### WHAT TO WORK ON
The material below holds the lines to copy: from the one with "CHANEL 11A Gray" up to and including the one with "T-shirt manica lunga". Copy them exactly and skip the pictures.

### TASK DATA
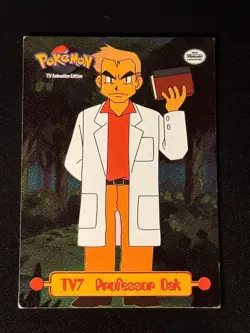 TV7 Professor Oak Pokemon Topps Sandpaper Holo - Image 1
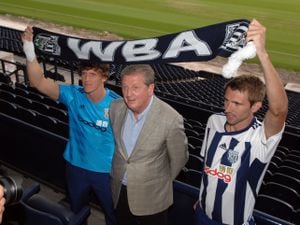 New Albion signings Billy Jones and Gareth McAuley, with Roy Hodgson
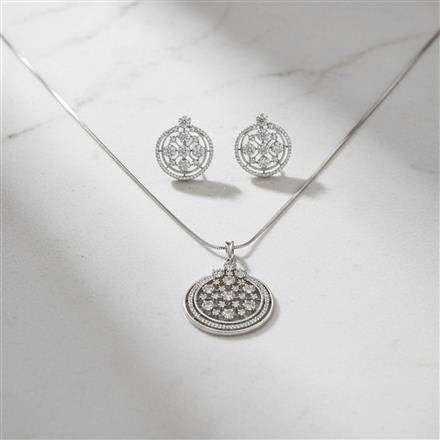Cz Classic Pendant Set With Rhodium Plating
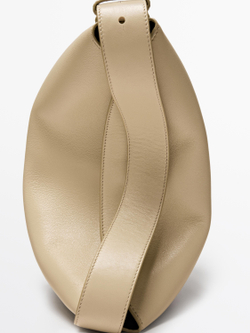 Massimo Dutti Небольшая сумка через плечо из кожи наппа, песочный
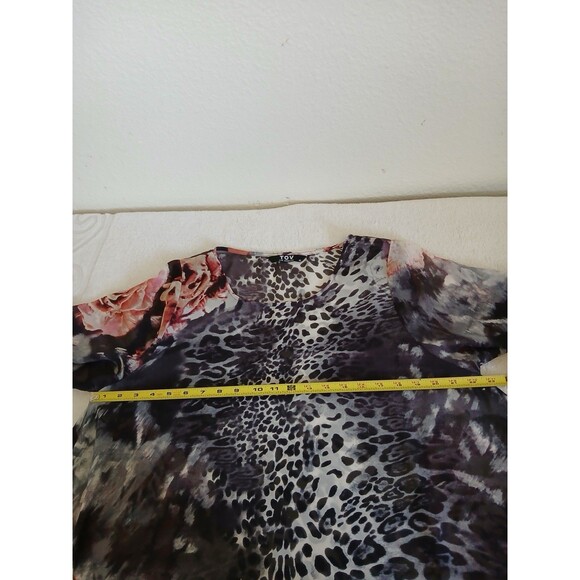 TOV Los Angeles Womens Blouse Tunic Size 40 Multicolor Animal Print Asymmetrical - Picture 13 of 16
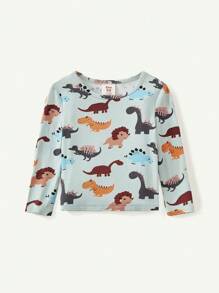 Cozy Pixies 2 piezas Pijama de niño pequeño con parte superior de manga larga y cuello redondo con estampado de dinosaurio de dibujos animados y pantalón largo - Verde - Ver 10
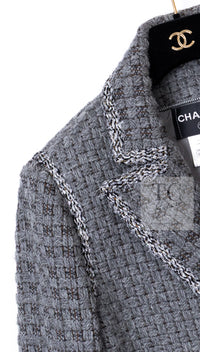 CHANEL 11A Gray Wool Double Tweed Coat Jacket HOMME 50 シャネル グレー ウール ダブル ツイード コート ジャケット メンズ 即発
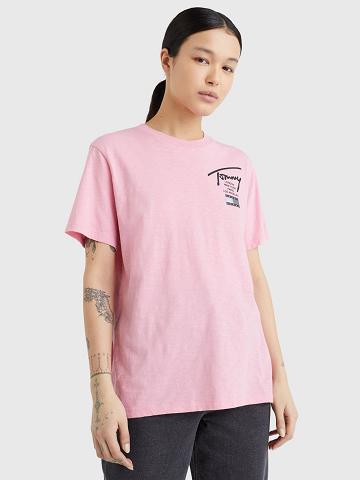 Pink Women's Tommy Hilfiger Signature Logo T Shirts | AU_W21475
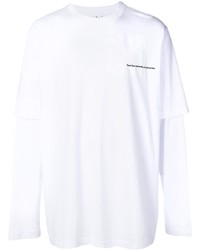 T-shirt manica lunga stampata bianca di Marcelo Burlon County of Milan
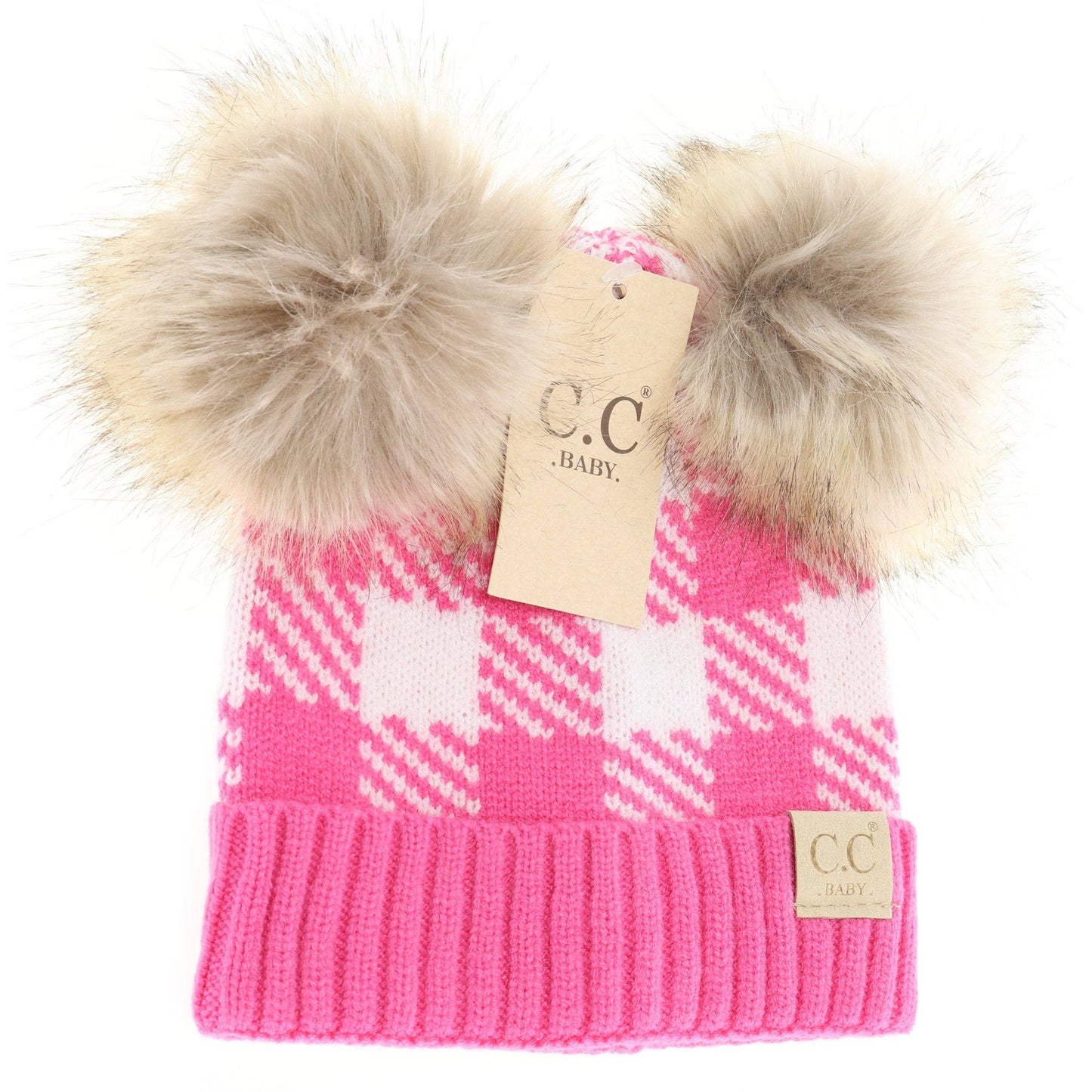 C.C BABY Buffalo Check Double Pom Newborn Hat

### ANSWER SECTION
 CHANEL 11A Gray Wool Double Tweed Coat Jacket HOMME 50 シャネル グレー ウール ダブル ツイード コート ジャケット メンズ 即発
 Pink Women's Tommy Hilfiger Signature Logo T Shirts | AU_W21475
 T-shirt manica lunga stampata bianca di Marcelo Burlon County of Milan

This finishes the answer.